:: DATA ::

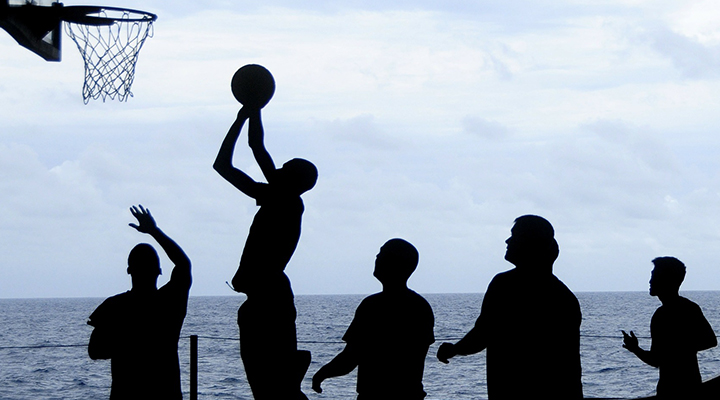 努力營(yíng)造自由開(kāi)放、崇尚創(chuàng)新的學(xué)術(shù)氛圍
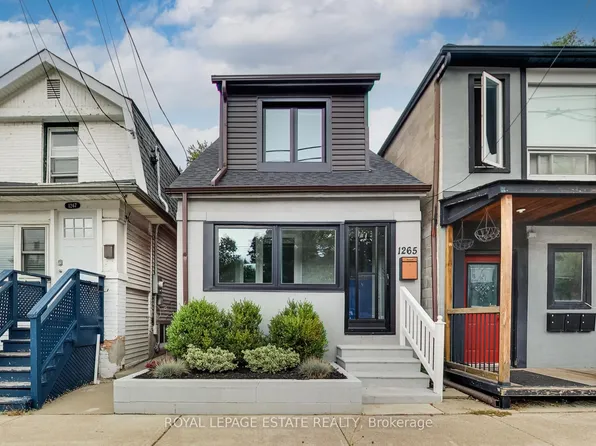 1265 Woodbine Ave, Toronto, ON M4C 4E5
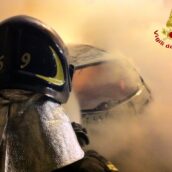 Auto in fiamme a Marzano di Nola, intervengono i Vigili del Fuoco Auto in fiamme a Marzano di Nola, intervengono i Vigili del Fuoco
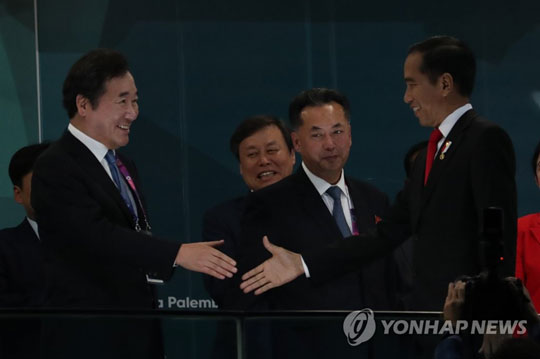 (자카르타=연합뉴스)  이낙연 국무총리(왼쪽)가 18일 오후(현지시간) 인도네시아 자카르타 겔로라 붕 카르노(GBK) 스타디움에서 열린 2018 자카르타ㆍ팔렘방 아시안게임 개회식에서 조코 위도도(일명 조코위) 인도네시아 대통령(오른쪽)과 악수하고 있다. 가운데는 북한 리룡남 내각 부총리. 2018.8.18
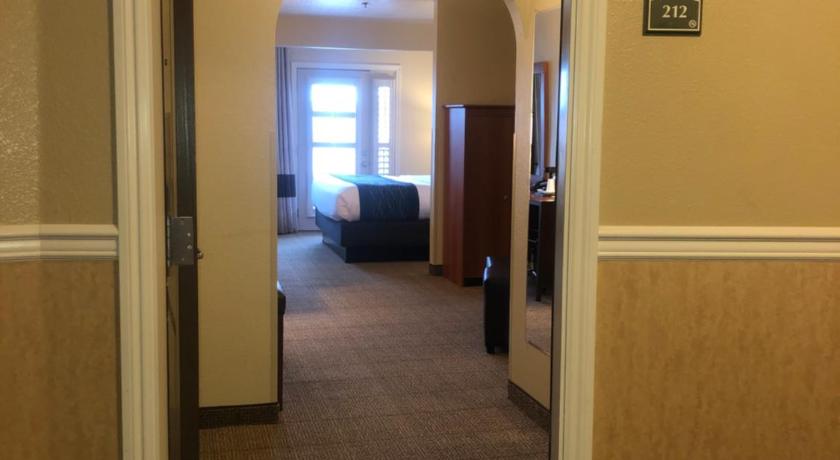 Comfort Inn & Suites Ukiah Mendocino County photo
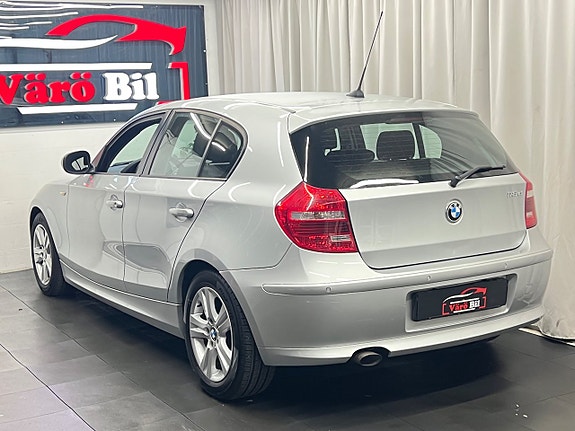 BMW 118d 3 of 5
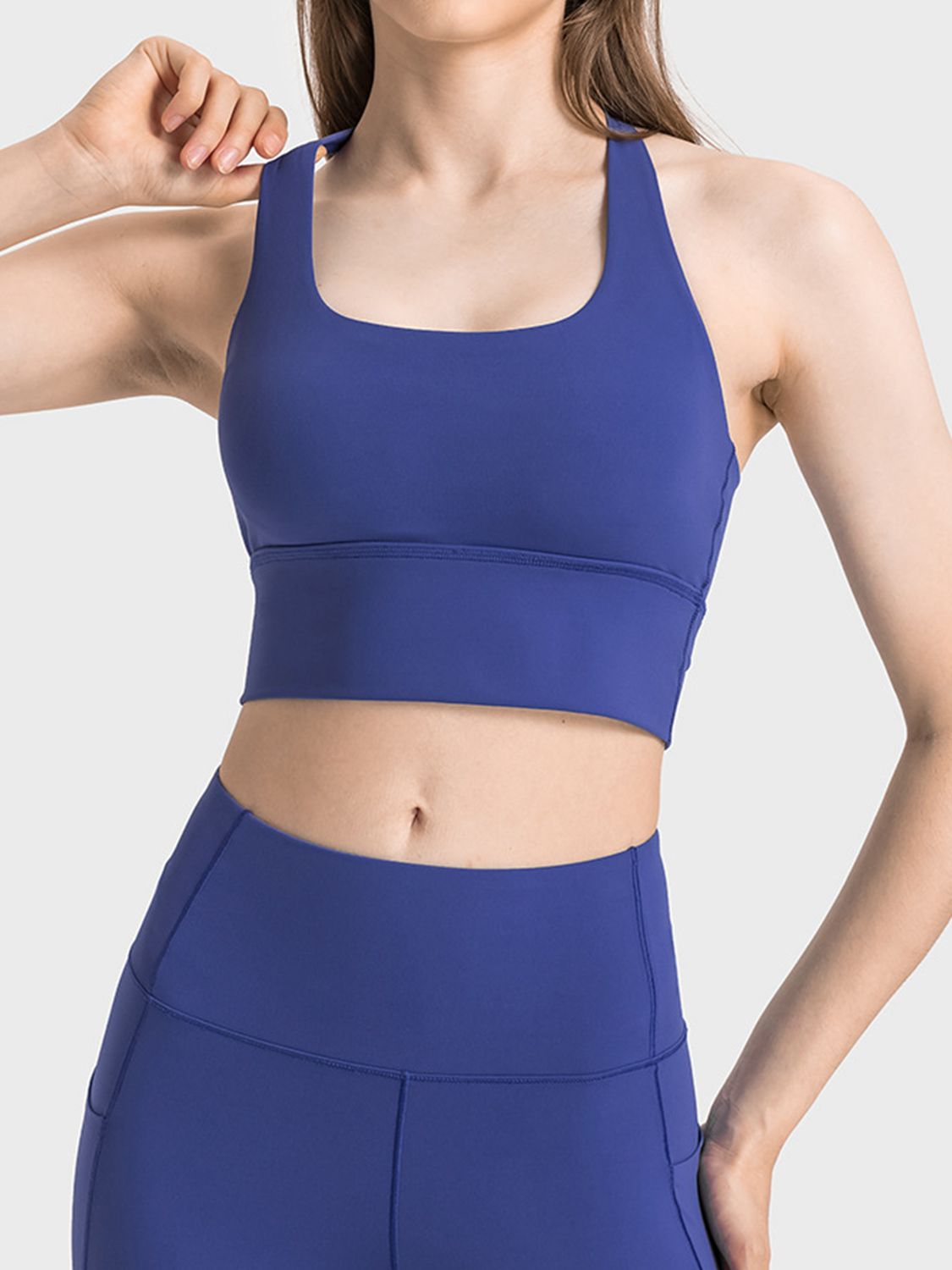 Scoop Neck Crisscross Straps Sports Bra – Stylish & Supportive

:::

Each line of the listing must be restated word for word, and the pictures left out.

 努力營(yíng)造自由開(kāi)放、崇尚創(chuàng)新的學(xué)術(shù)氛圍
 1265 Woodbine Ave, Toronto, ON M4C 4E5
 Auto in fiamme a Marzano di Nola, intervengono i Vigili del Fuoco Auto in fiamme a Marzano di Nola, intervengono i Vigili del Fuoco
 (자카르타=연합뉴스)  이낙연 국무총리(왼쪽)가 18일 오후(현지시간) 인도네시아 자카르타 겔로라 붕 카르노(GBK) 스타디움에서 열린 2018 자카르타ㆍ팔렘방 아시안게임 개회식에서 조코 위도도(일명 조코위) 인도네시아 대통령(오른쪽)과 악수하고 있다. 가운데는 북한 리룡남 내각 부총리. 2018.8.18
 Comfort Inn & Suites Ukiah Mendocino County photo
 BMW 118d 3 of 5
 Scoop Neck Crisscross Straps Sports Bra – Stylish & Supportive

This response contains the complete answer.